Lichtelijk euforisch genoot ik in het inmiddels zonnige weer van deze tweede plek bij de grootste groep deelnemers. Vooral aan de 3e plek op de afsluitende 3 km in 15.26 had ik deze klassering, als vierde in de totaalstand, te danken.


In de kantine van de IJshal werd ik na Kees Smit en voor Peter Harteveld naar voren geroepen om uit handen van hoofdsponsor Marc de Koning van De Molen Fietsen de licht beschadigde beker voor de tweede plaats bij de veteranen in ontvangst te nemen.





Ongelofelijk! Voor het eerst van mijn leven een podiumplek!

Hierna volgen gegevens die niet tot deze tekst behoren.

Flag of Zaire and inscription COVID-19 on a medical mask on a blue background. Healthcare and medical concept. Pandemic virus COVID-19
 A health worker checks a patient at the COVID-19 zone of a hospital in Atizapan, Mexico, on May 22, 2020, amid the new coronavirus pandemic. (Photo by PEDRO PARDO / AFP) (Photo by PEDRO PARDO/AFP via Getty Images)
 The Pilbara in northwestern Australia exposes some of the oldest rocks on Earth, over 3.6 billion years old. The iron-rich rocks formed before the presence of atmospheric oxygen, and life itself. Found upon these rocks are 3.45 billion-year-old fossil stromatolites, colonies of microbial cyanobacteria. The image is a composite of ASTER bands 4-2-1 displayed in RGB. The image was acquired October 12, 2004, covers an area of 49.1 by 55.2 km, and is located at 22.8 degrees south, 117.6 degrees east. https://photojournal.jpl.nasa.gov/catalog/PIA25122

Het loopgroepje van de 11 km had het trouwens goed gedaan. Peter Aanhane had de wisselbeker gewonnen als winnaar van het totaalklassement, Christiaan Hoekstra eindigde eveneens als tweede, terwijl Carolien Smit bij de vrouwen als beste uit de bus kwam. Bovendien had Mart Moraal van Peter Witteman tuinen, die ik deze week al getipt had als winnaar bij de teams, deze favorietenrol waargemaakt.
Na de huldigingen was er een koud buffet voor alle vrijwilligers van de IJVL, waarna ik meereed naar Nieuw-Vennep om de spullen weer weg te brengen naar de firma Breed.
Thuisgekomen spoelde ik onder de douche het zweet van mijn lijf, belde ik mijn zus Annie om haar te feliciteren met haar verjaardag en keek ik naar de toch nog spannende ontknoping van het wereldkampioenschap allround, waarbij Sven Kramer de verrassende Jonathan Kuck toch voorbleef. Maar deze jonge Amerikaan zal ongetwijfeld net zo blij zijn met zijn tweede plaats als deze Leidse veteraan.